Note - for the rest of this answer, I'm assuming that your IntId and TimeOperations ARE strongly correlated and hence the clustering is by IntId.
Covering Indexes
As others have mentioned, your use of SELECT (*) is bad practice and inter alia means covering indexes won't be of any use (the exception being COUNT(*)).
If your queries weren't SELECT(*), but instead e.g.
SELECT TimeOperation, field1
FROM
WHERE TimeOperation BETWEEN x and y -- and returns < 5% data.
Then altering your index on TimeOperation to include field1
CREATE NONCLUSTERED INDEX IX_MyTable ON [MyTable](TimeOperation) INCLUDE(Field1);
OR adding both to the index (with the most common filter first, or the most selective first if both filters are always present)
CREATE NONCLUSTERED INDEX IX_MyTable ON [MyTable](TimeOperation, Field1);
Either will avoid the rid / key lookup. The second (,) option will address your query where BOTH TimeOperation and Field1 are filtered in a WHERE or HAVING clause.

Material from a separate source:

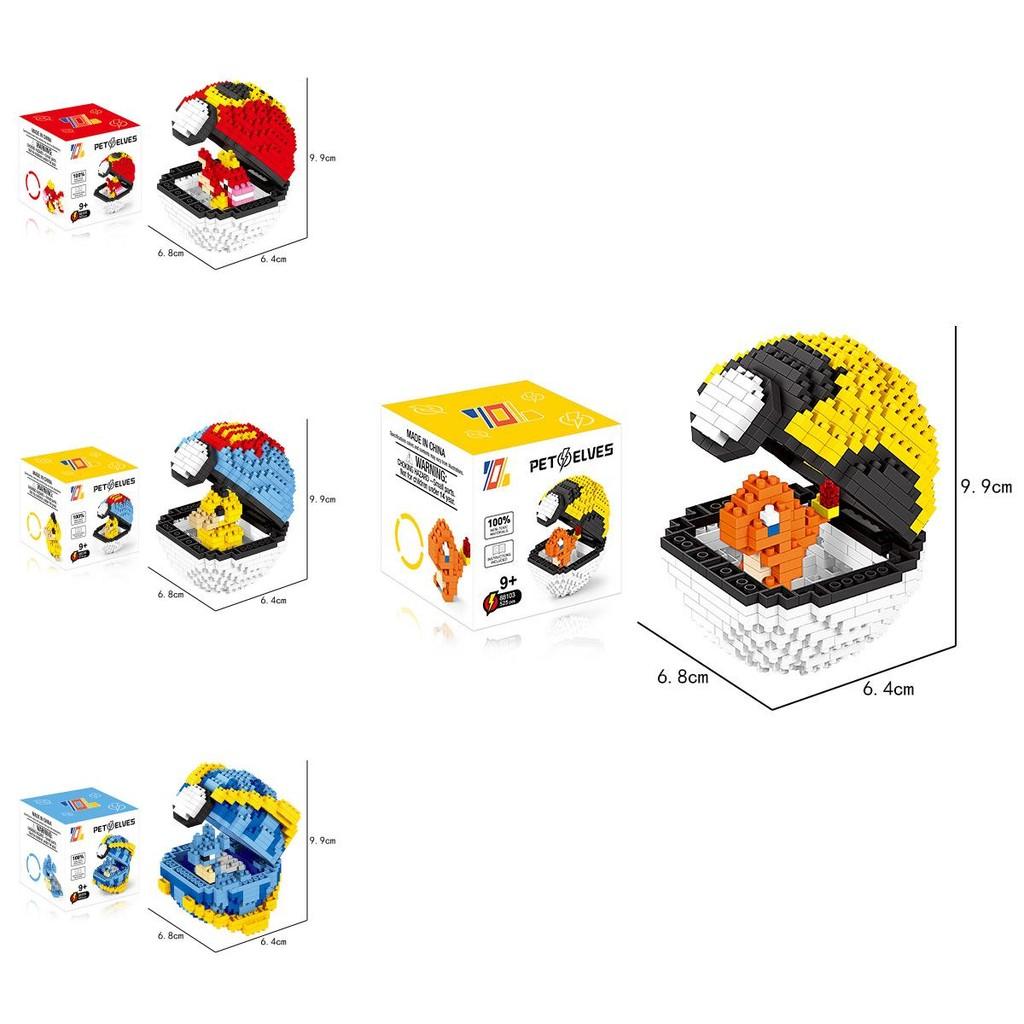 500-piece Poké Ball Building Block Set Micro Brick Diy Kids Gift Model Toy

Re : What's the difference between index on (TimeOperation, Field1) and separate indexes?
e.g.
CREATE NONCLUSTERED INDEX IX_MyTable ON [MyTable](TimeOperation, Field1);
will not be useful for the query
SELECT ... FROM MyTable WHERE Field1 = 'xyz';
The index will only be useful for the queries which have TimeOperation
SELECT ... FROM MyTable WHERE TimeOperation between x and y;
OR
SELECT ... FROM MyTable WHERE TimeOperation between x and y AND Field1 = 'xyz';
Hope this helps?
An index, at its most basic, creates a layer of the "hypertree" structure behind the scenes, which allows the SQL engine to more easily find rows with particular values for indexed columns. Each index creates a different way to "drill down" into the table's data using a binary search (logN performance). Each index you add makes selecting by that index faster, at the cost of slowing insertions/updates (the data must be put in and then indexes must be created).
An index, therefore, should normally be created for combinations of columns that are commonly used to filter records. I would indeed create an index on TimeOperation, and TimeOperation alone.
NEVER simply create an index including all columns of a table, especially a wide one such as this.